At the same time, Disney Co. executives have pledged to investors to reduce capital spending once the company completes a current slate of projects that includes the Hawaiian resort, two new cruise ships, and park expansions around the world. Capital spending at Disney’s theme-park division nearly doubled during the company’s 2011 fiscal year – from $1.5 billion to $2.7 billion – and is expected to approach $3 billion in 2012.

“They have more than enough to chew on for the next three to four years,” said Tony Wible, a media-and-entertainment equities analyst at Janney Capital Markets. “And the early head winds in Hawaii – to put it politely – probably lead them to be less confident.”

Disney says it may yet build more hotels outside of Central Florida and Southern California, where it operates its massive Walt Disney World and Disneyland resorts.

“We have seen tremendous enthusiasm for Aulani, and all of our key sales locations for Aulani are performing well. Based on our experience to date, additional standalone resorts in the future are a very real possibility,” Disney spokeswoman Tasia Filippatos said Tuesday.

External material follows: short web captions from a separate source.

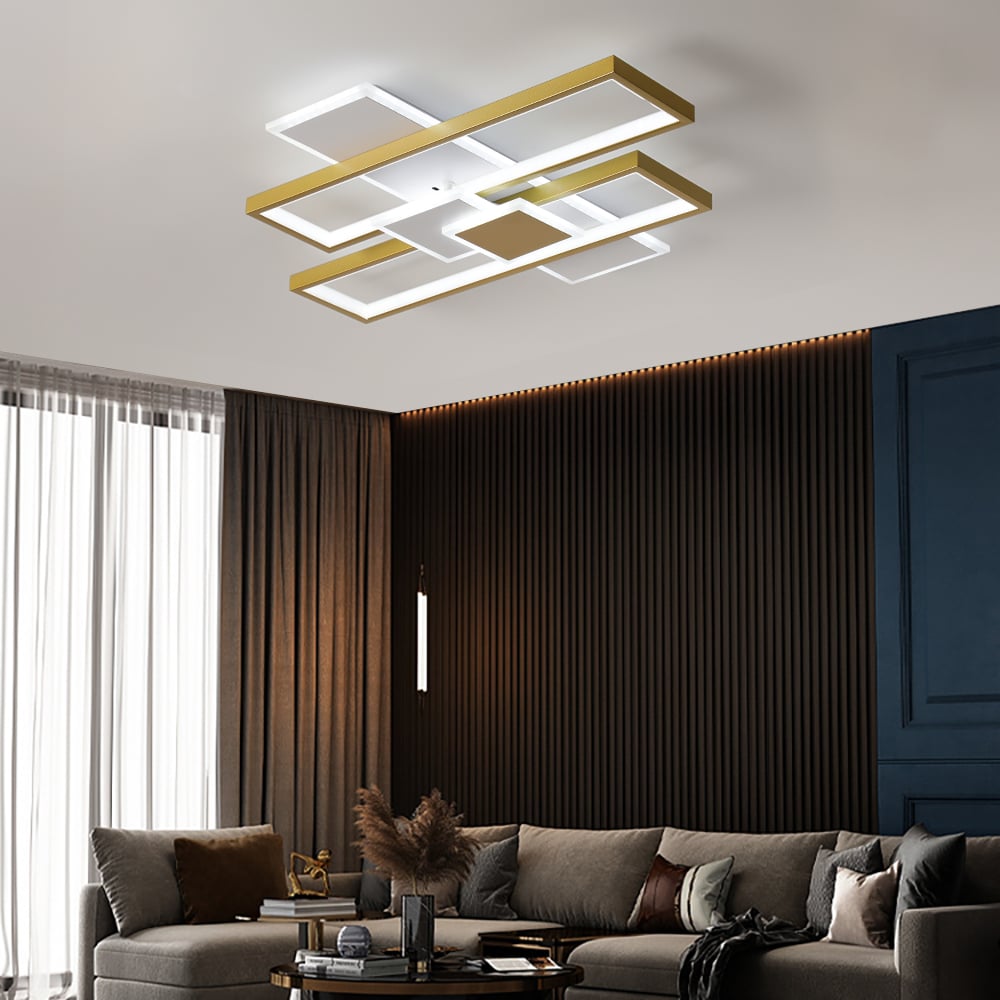 HMR - LED Modern Rectangular Flush Mount Ceiling Light in Gold & White with Remote Control
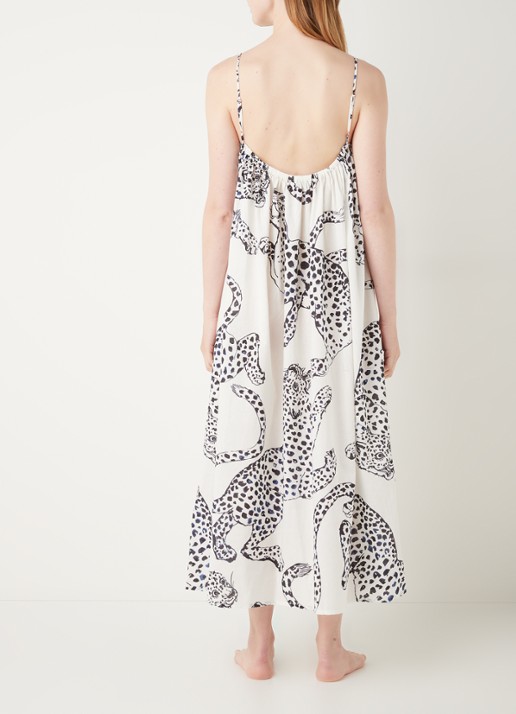 Desmond & Dempsey Square Nighty nachthemd met print - achterkant 3 wit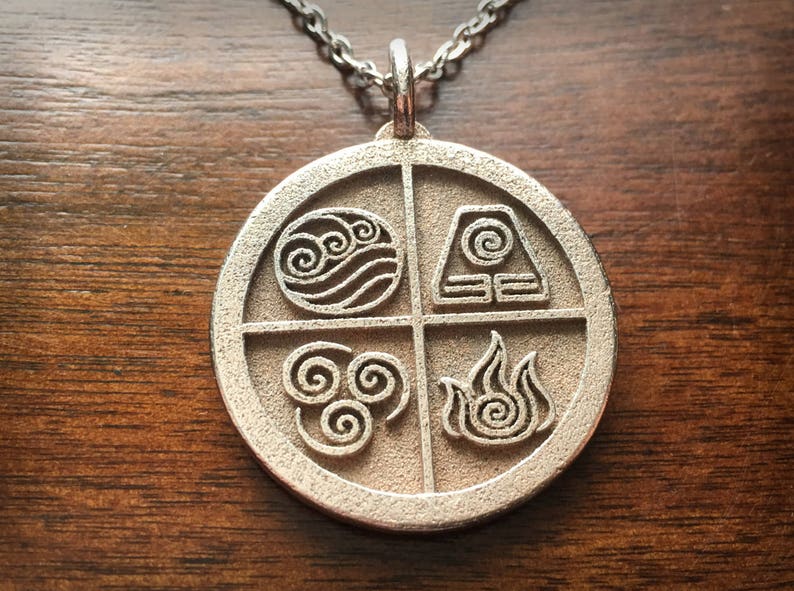 Avatar The Last Airbender White Lotus and Elements 3D Printed Stainless Steel Pendant and Keychain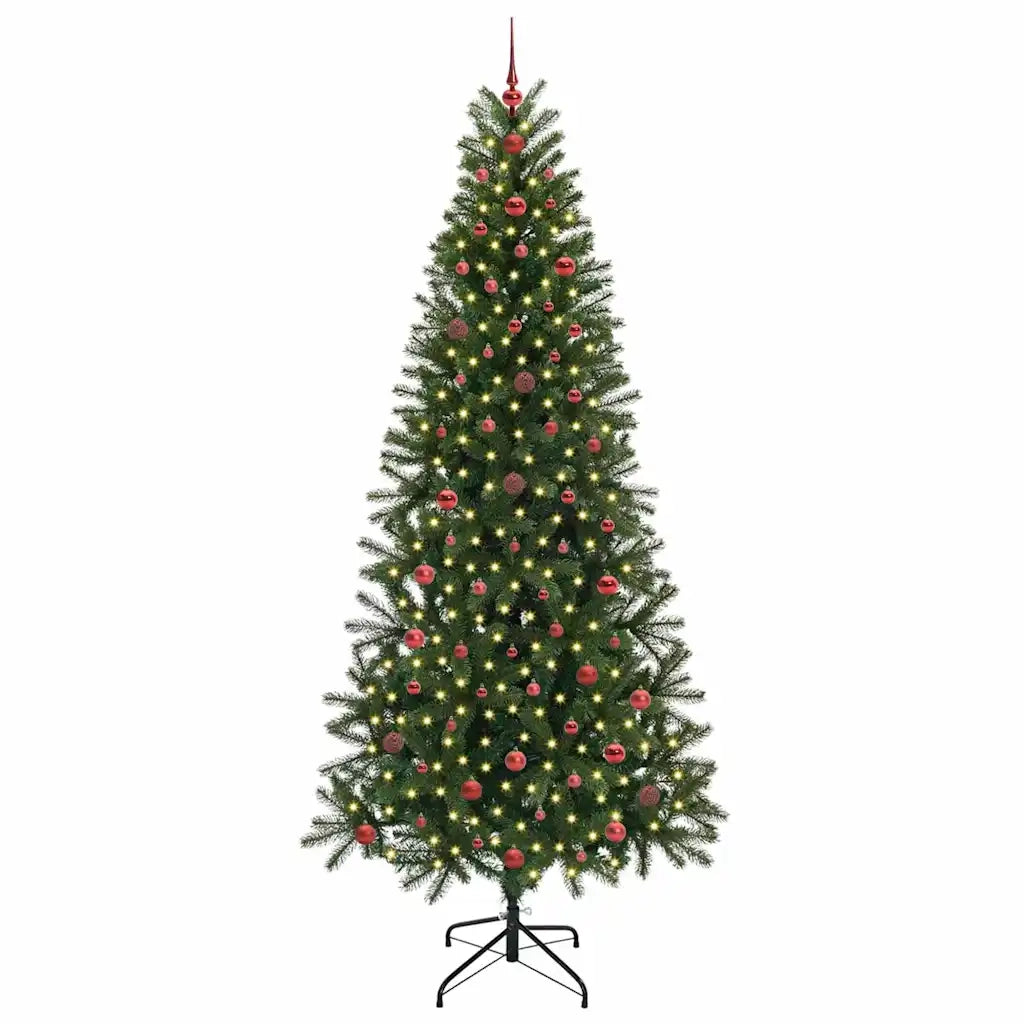 Albero di Natale Artificiale-Albero Natalizio con 300 LED Verde 240 cm PE e PVC 487408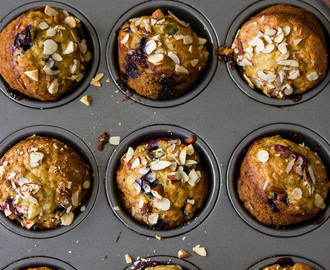 Banana Blueberry Muffins with Crushed Almonds
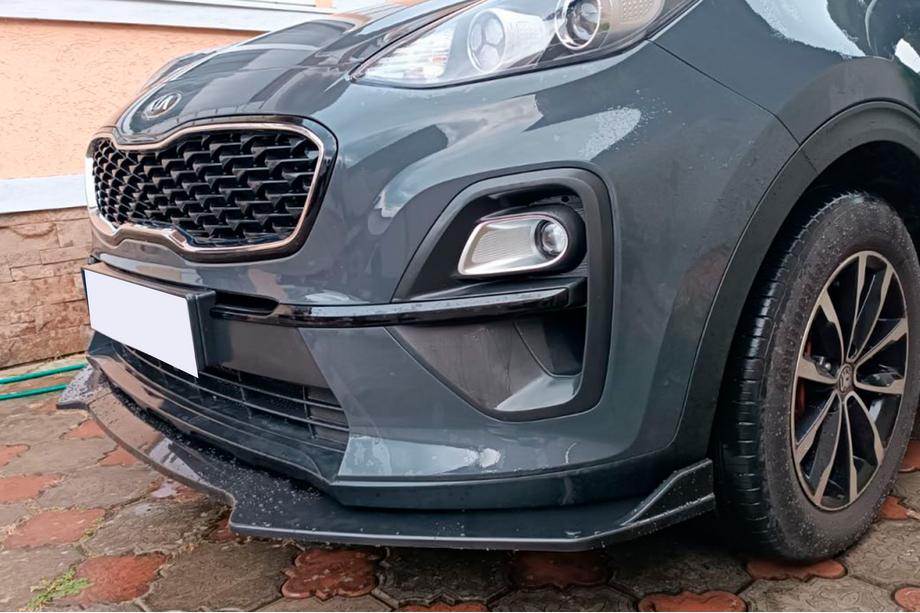 Univerzální přední lip spoiler DPT V-1 (ABS, černý lesk) Fotografie 5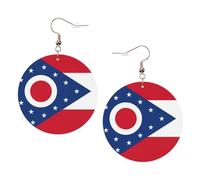 Ohio State Flag stampato orecchini rotondi per le donne, 1 paio di orecchini in pelle leggera set di orecchini alla moda gioielli regalo per donne ragazze, One Size, Poliestere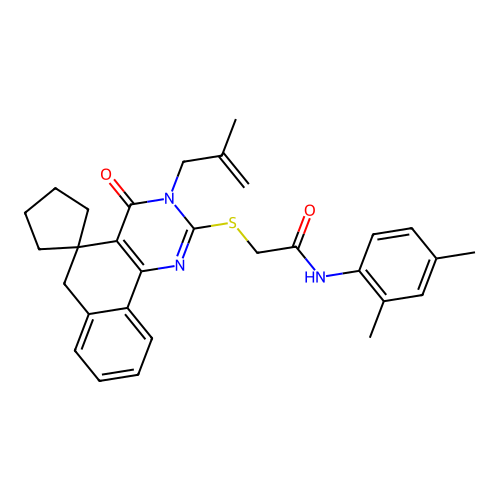 N-(2,4-dimethylphenyl)-2-((3-(2-methylallyl)-4-oxo-4,6-dihydro-3H-spiro[benzo[h]quinazoline-5,1'-cyclopentan]-2-yl)thio)acetamide structure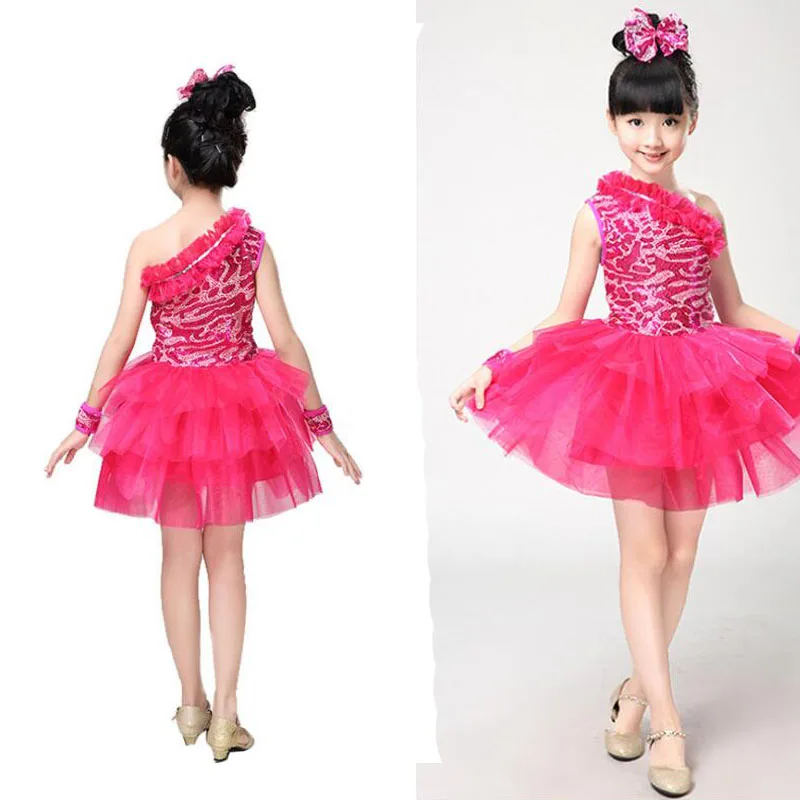 Детское платье для балета с синими блестками девочек джазовых танцев вечеринок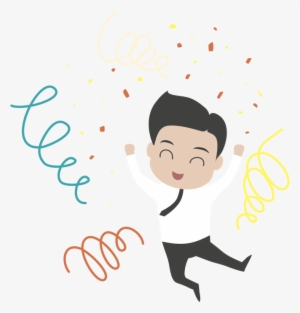 Happy Young Cartoon Businessman Jumping - Businessman Happy In Cartoon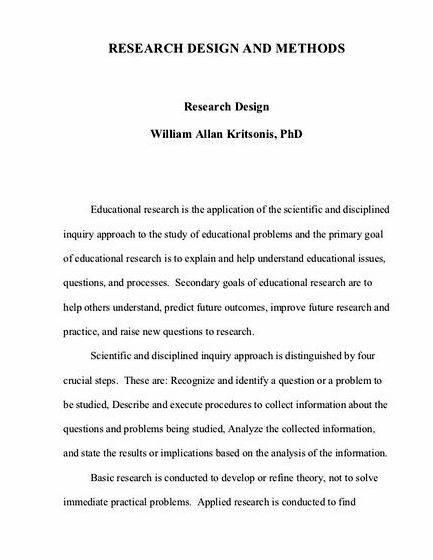 Research design and methodology in thesis writing self-designed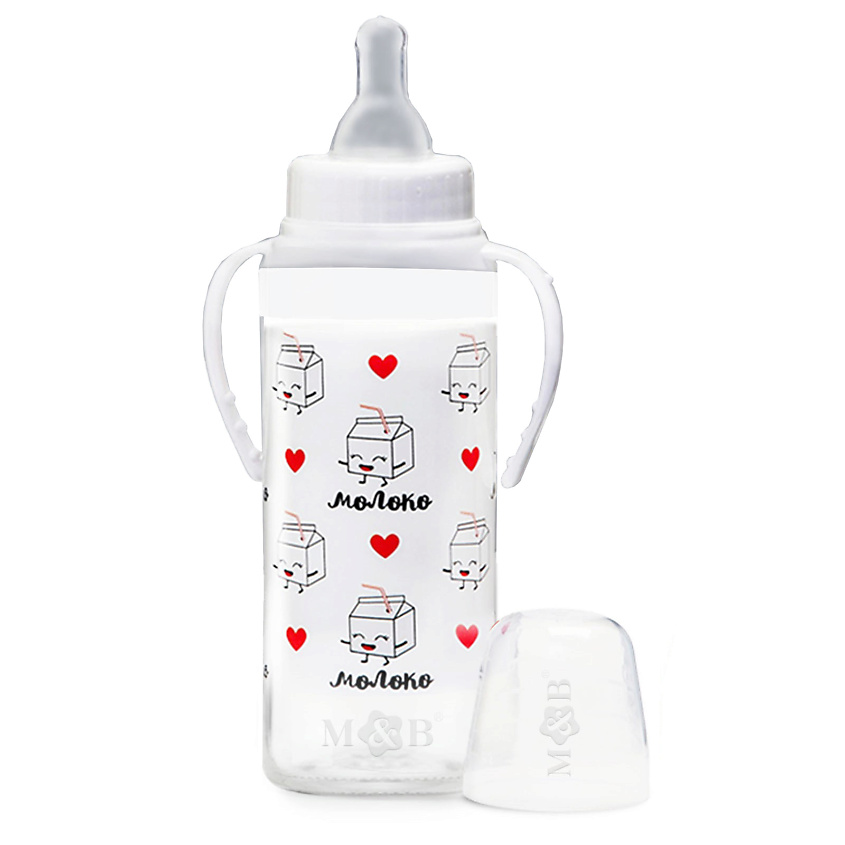 Изображение товара MUM&BABY Бутылочка для кормления "Люблю молоко", классическое горло, с ручками, от 0 мес., 1 шт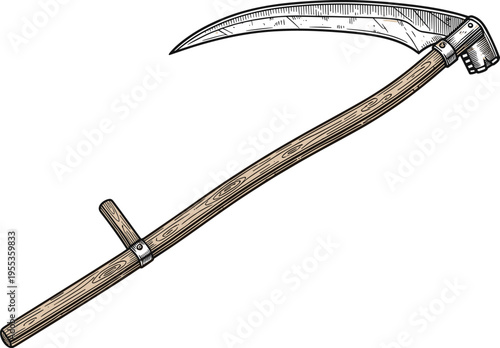 Vintage scythe farming tool with wooden handle and curved blade hand drawn engraving vector illustration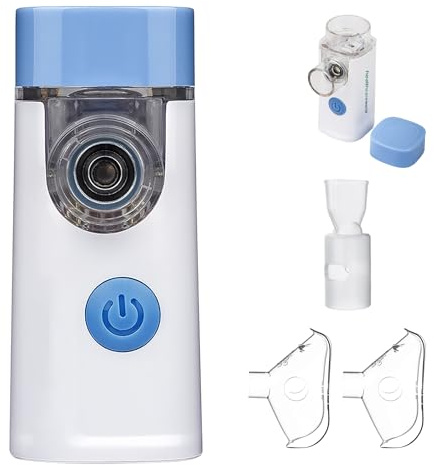 Healthcare World Tragbarer Vernebler für Erwachsene & Kinder – Leiser Handheld Wiederaufladbarer Mesh-Vernebler mit 2 Masken & Mundstück – Ultra-Leise 25dB Inhalator für Asthma COPD Zuhause & Reise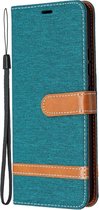 Denim Book Case - Samsung Galaxy A42 Hoesje - Groen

Disney said the decision to back out of Washington was entirely unrelated to Aulani’s time-share problems; the company says it never planned to include a time-share component in the D.C. project.

To be sure, there was always an element of uncertainty for Disney’s presence in Washington. Even when the company announced it had bought 15 acres along the Potomac River in May 2009, it said only that it was “considering” using the site for a hotel.

And other, more-pressing projects subsequently supplanted it on Disney’s priority list. For instance, seven months after buying the Washington property, Disney, after years of negotiations, signed a framework deal to build its first theme-park resort on mainland China. The first phase of Shanghai Disneyland, along with two hotels and a retail district, will cost roughly $4.4 billion, though more than half of that price tag will be borne by the Chinese government.

In addition, Disney this fall acquired the theme-park rights to James Cameron’s “Avatar” film franchise. As part of the deal, Disney will build Avatar-themed “lands” in multiple theme parks around the world, beginning with a roughly $500 million project in Disney’s Animal Kingdom at Walt Disney World.

But analysts say the decision to scrap the Washington project also reflects just how challenging it could be for Disney to sustain standalone hotels, which, after all, can’t bank on theme-park visitors to drive occupancy. They are a particularly heavy lift in a still-moribund real-estate environment in which Disney can’t bank on quick time-share sales to help sustain a resort.

Disney doesn’t expect Aulani to achieve sustained occupancy levels until January 2015, according to documents submitted to state time-share regulators in Hawaii. The project is expected to be fully built by 2013.

“When they started planning these one-off hotels and other projects, it was a different environment,” said Hal Vogel, a stock analyst who follows the leisure industry. “My guess is that this will not be revived anytime soon.”

Also worth noting: Several senior managers in place when Disney first articulated the standalone-resort strategy are no longer with the company’s parks division.

Former parks Chairman Jay Rasulo, the executive most closely associated with the strategy, is now the Disney Co.’s chief financial officer, having swapped jobs with current parks chief Tom Staggs. Meanwhile, Al Weiss, the parks division’s former president of worldwide operations, retired this fall. And Jim Lewis, the former president of Disney’s time-share business, was fired because of the Aulani error.